Towards Adaptation of Water Resource Systems to Climatic and Socio-Economic Change
Climate change is viewed as the major threat to the security of water supplies in most parts of the world in the coming decades, and the water resources literature continues to be dominated by impact and risk assessments based on the latest climate projections from General Circulation Models (GCMs). However, the evidence for anthropogenic changes in precipitation and streamflow records continues to be elusive which, together with the known high uncertainty in GCM ensemble projections, has led to the development of risk assessment methods which are not driven exclusively by GCMs. It is argued that a baseline risk assessment should retain the assumption of climatic stationarity, and be based on the modelling of observed interannual variability as a dominant process in determining water resource system reliability, augmented where justifiable by reliable information from GCMs. However, irrespective of what the climate does in the future, globalization and socio-economic changes are the major drivers for increases in water demand and threats to water security, as exemplified by the burgeoning economies of the BRIC and MINT countries, and the large population increases and economic growth seen in many developing countries. It is suggested that more attention needs to be paid to adaptation to socio-economic change which is arguably more predictable than climatic change, based on what is already known about population and economic growth, lifestyle changes and human choices. More focus is needed on economic analyses that can inform the major investments in water use efficiency measures which can deliver the water savings needed to avert widespread water scarcity.
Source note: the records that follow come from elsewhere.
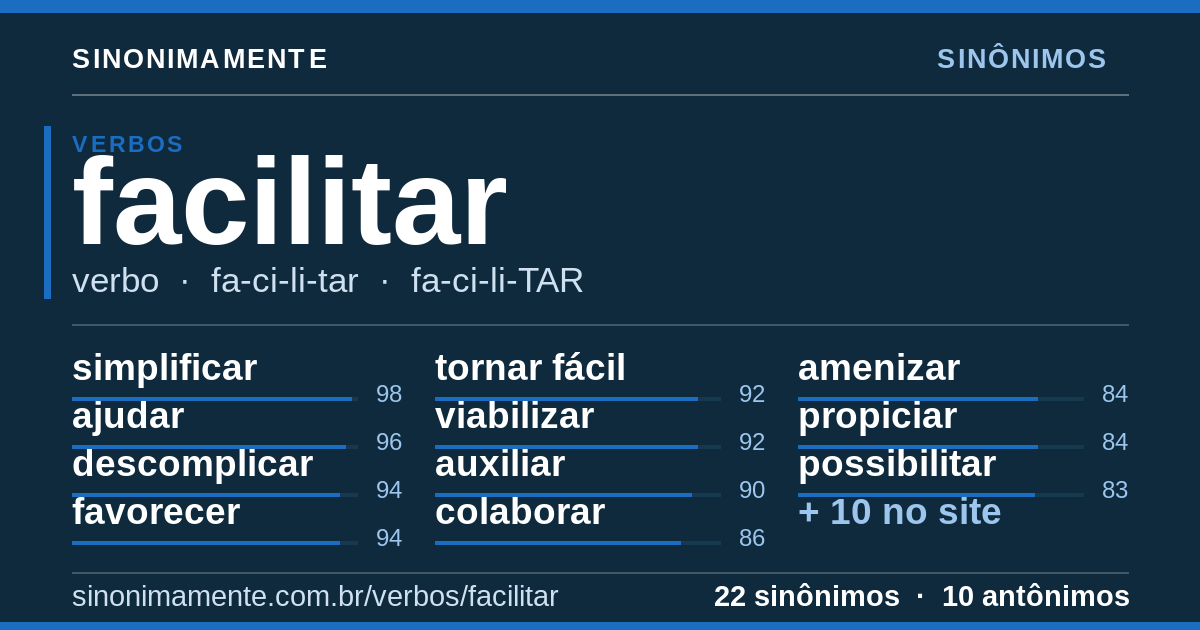 Sinônimos de facilitar: cartão do verbete com 22 sinônimos
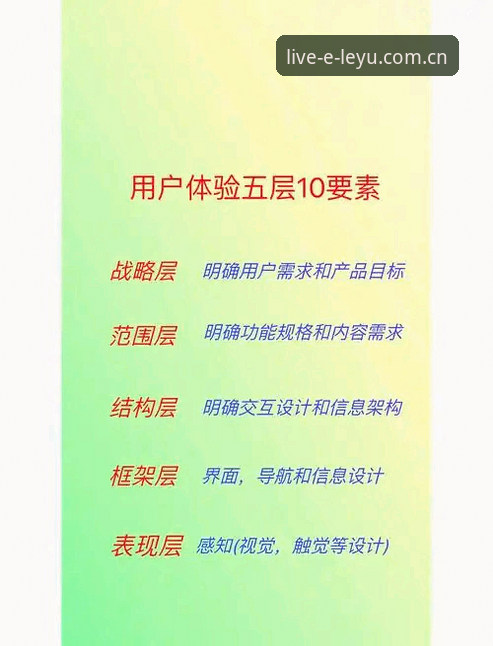 乐鱼体育平台深度解析：注册流程、核心功能与用户体验全面解读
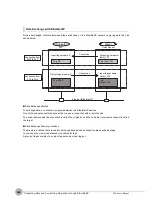 Предварительный просмотр 286 страницы Omron FQ2 Series User Manual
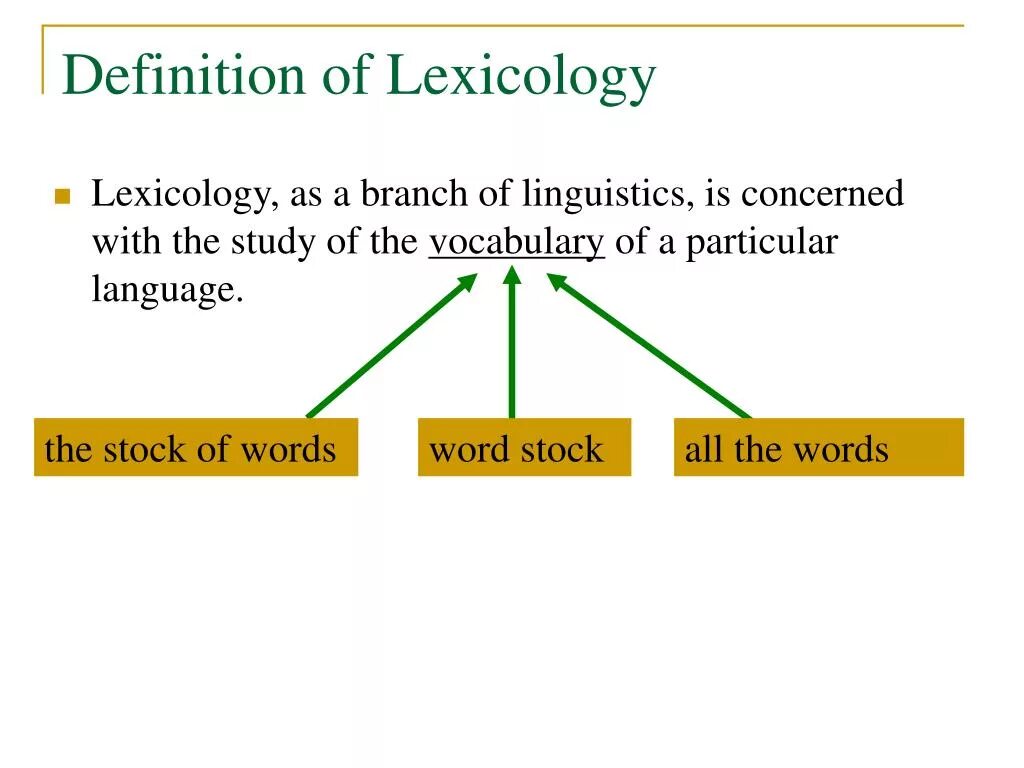 Lexicology as a Branch of Linguistics. Definition of Lexicology. Types of Lexicology презентация. Lexicology картинки для презентации.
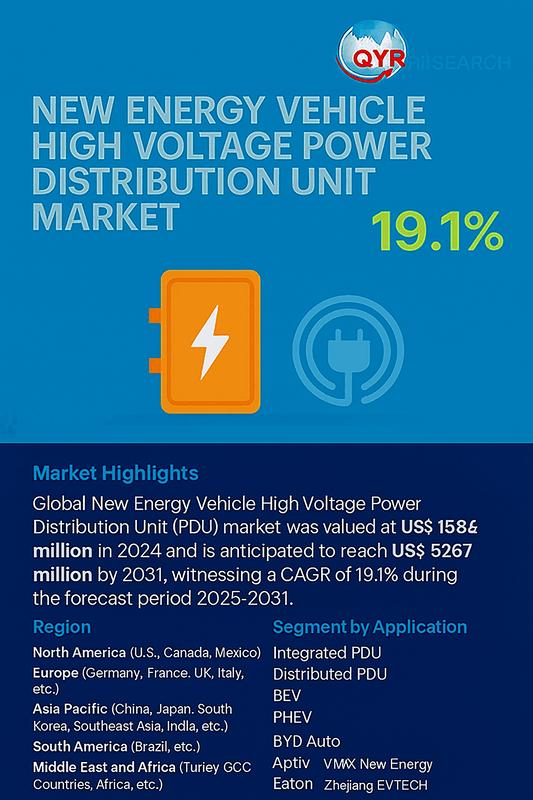 Global NEV High Voltage PDU Market Valued at USD 1585 Million in 2024 - Strong Growth Ahead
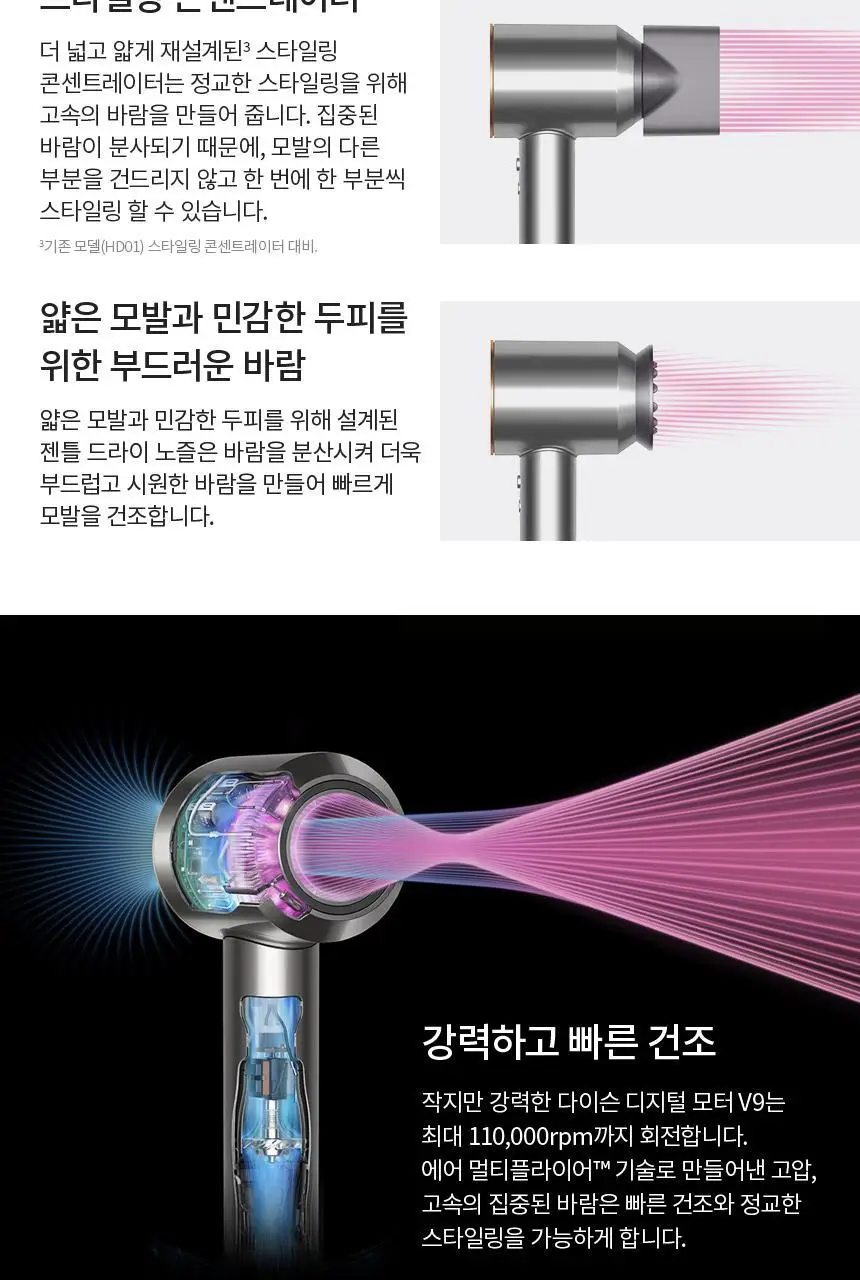 다이슨 슈퍼소닉 HD15(니켈/코퍼) 상세페이지 4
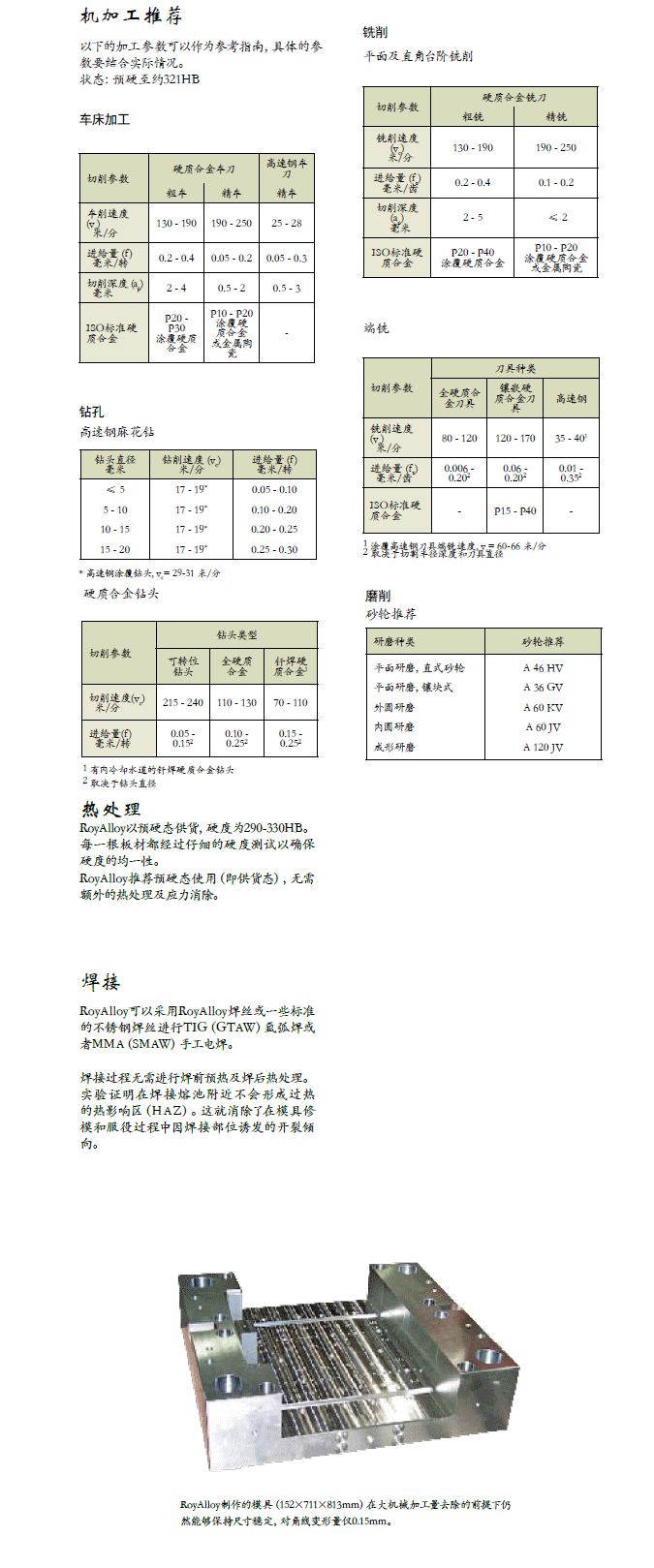 一勝百RoyAlloy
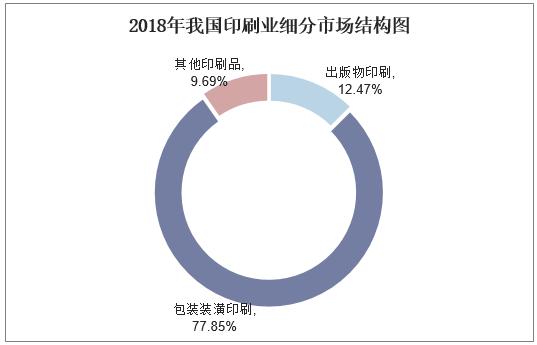 印刷智能化发展趋势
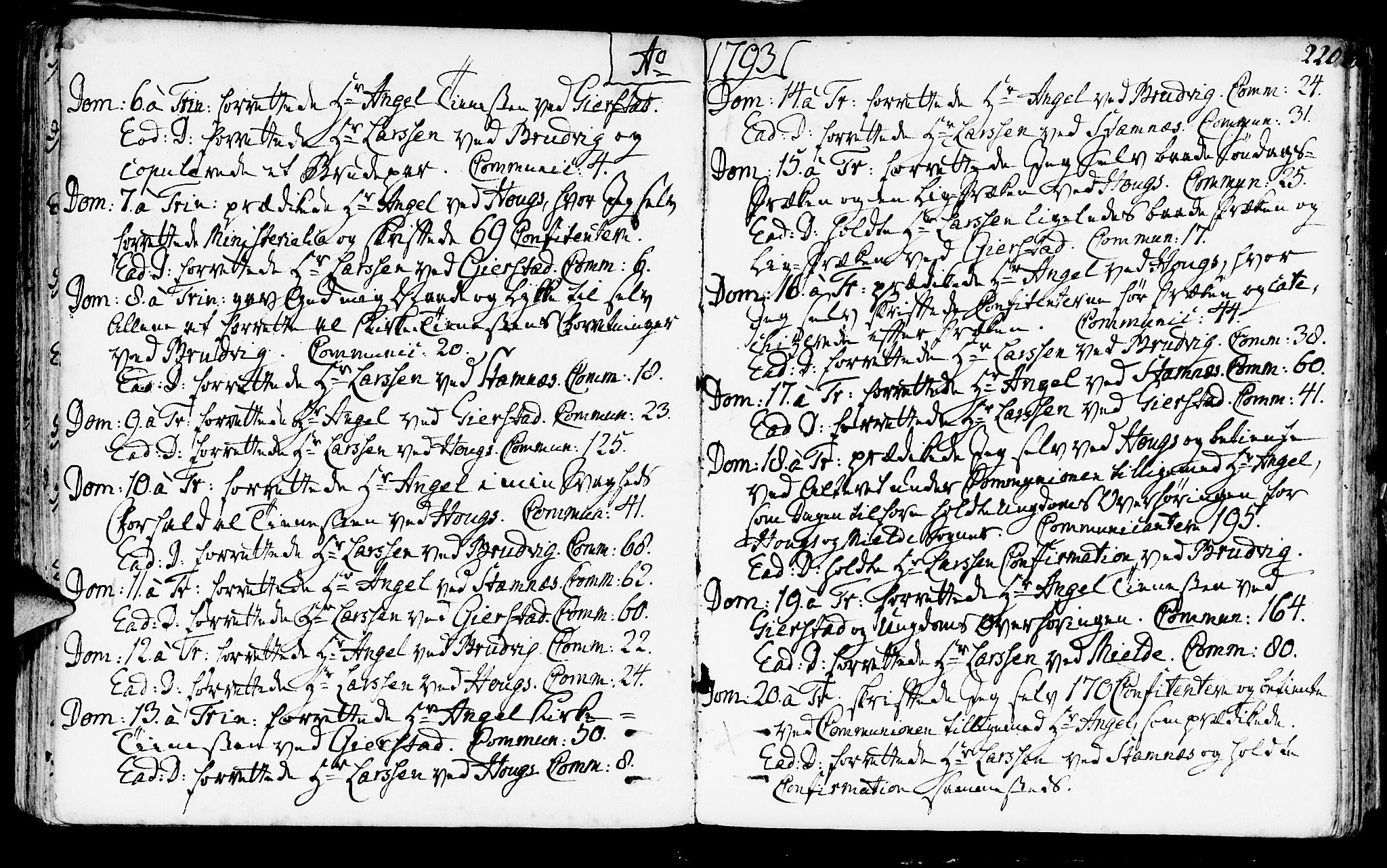 Haus sokneprestembete, AV/SAB-A-75601/H/Haa: Parish register (official) no. A 10, 1782-1796, p. 220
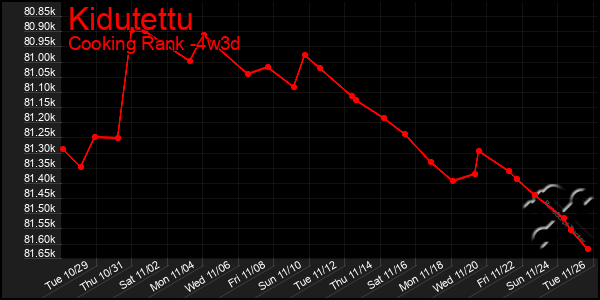 Last 31 Days Graph of Kidutettu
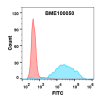 FC-BME100050 CD47 FLOW Fig2 1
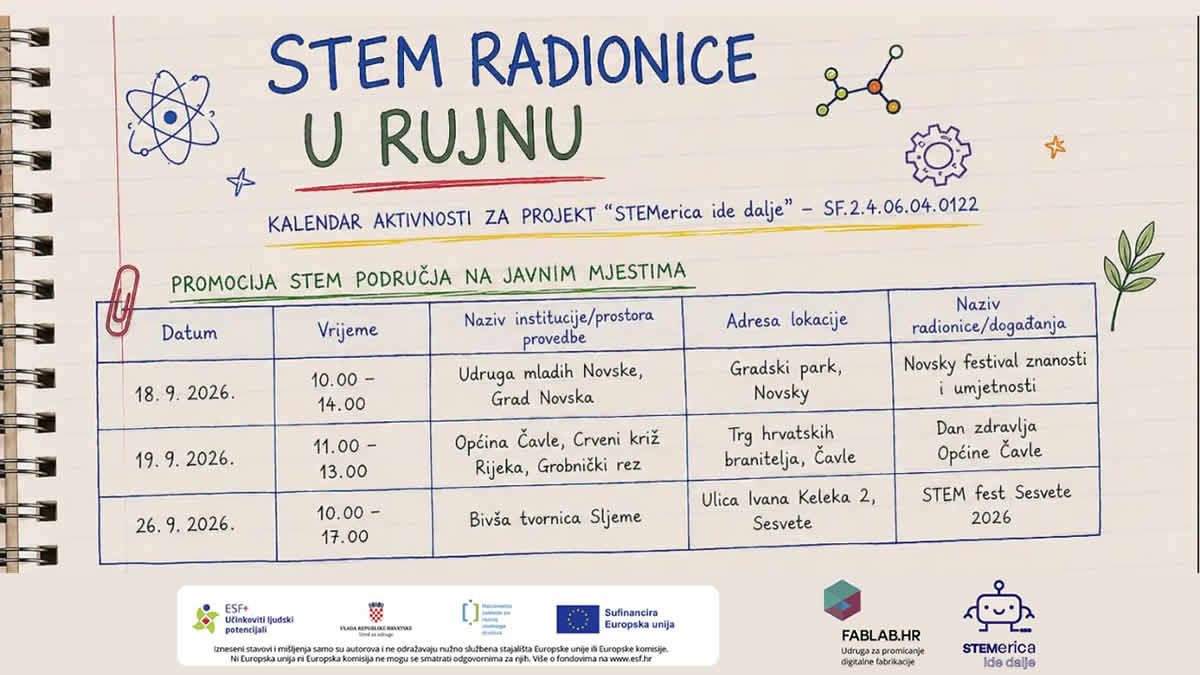 stemerica | udruga fablab | 09.2026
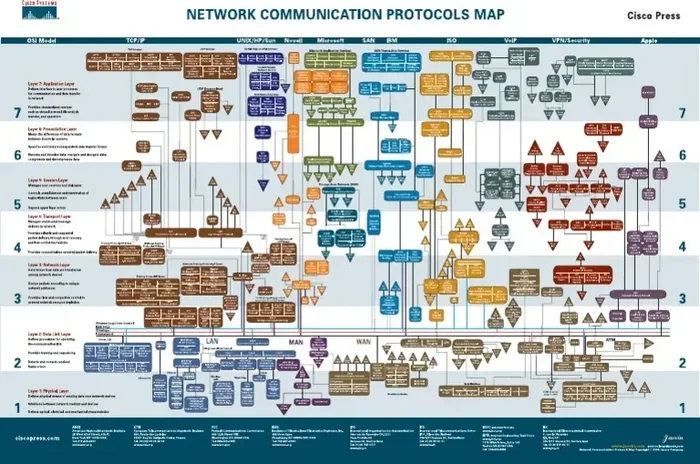 What Is Application Protocol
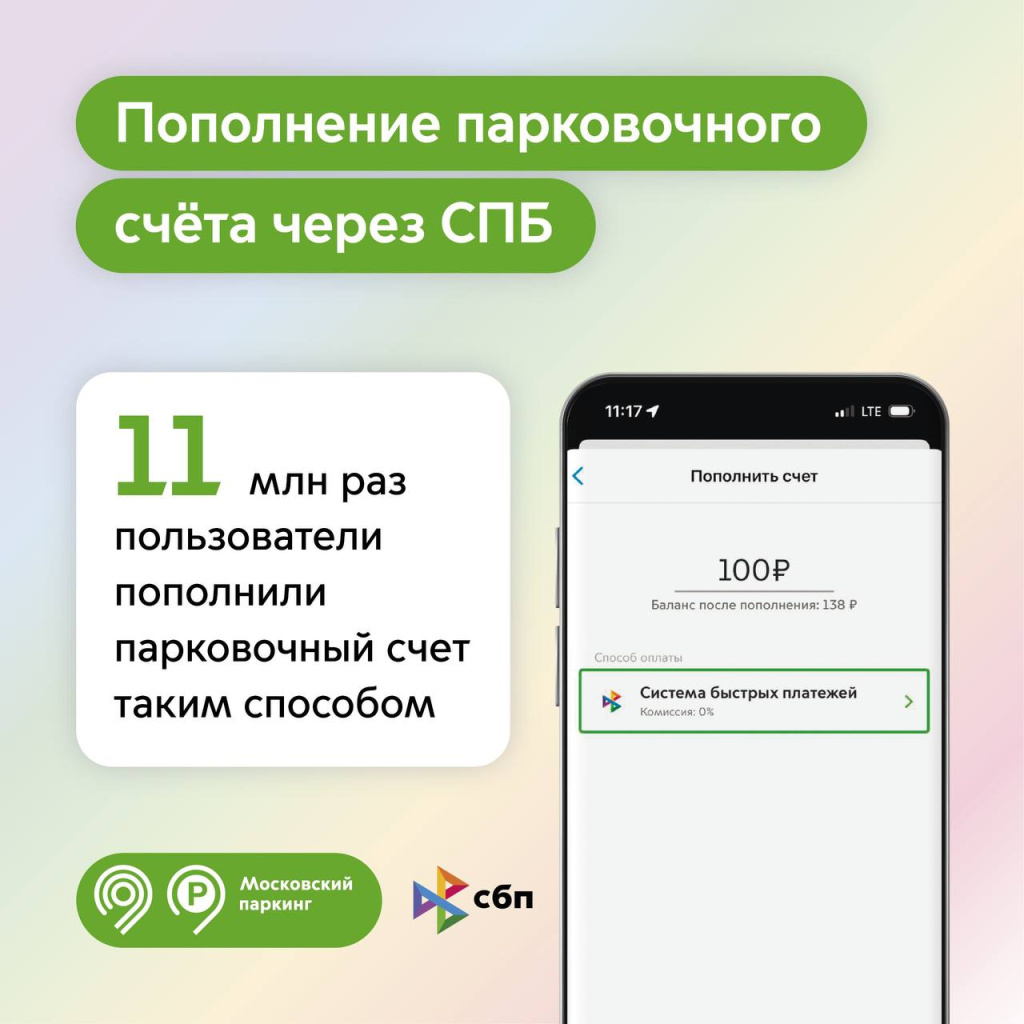 Более 11 млн раз пользователи пополнили парковочный счет через СБП в  приложении «Парковки России»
The effectiveness of water use efficiency measures is largely determined by (a) the potential of modern information technology to achieve more efficient water resources management and water use and (b) human responses and choices in the uptake of measures. To assess the potential efficiency gains, it is argued that water resource systems modelling needs to evolve to incorporate the human dimension more explicitly, through Coupled Human and Natural Systems (CHANS) modelling. A CHANS modelling framework is outlined which incorporates agent-based modelling to represent individual choices within the human system, and prospects for assessing the effectiveness of efficiency measures involving individual human responses are discussed.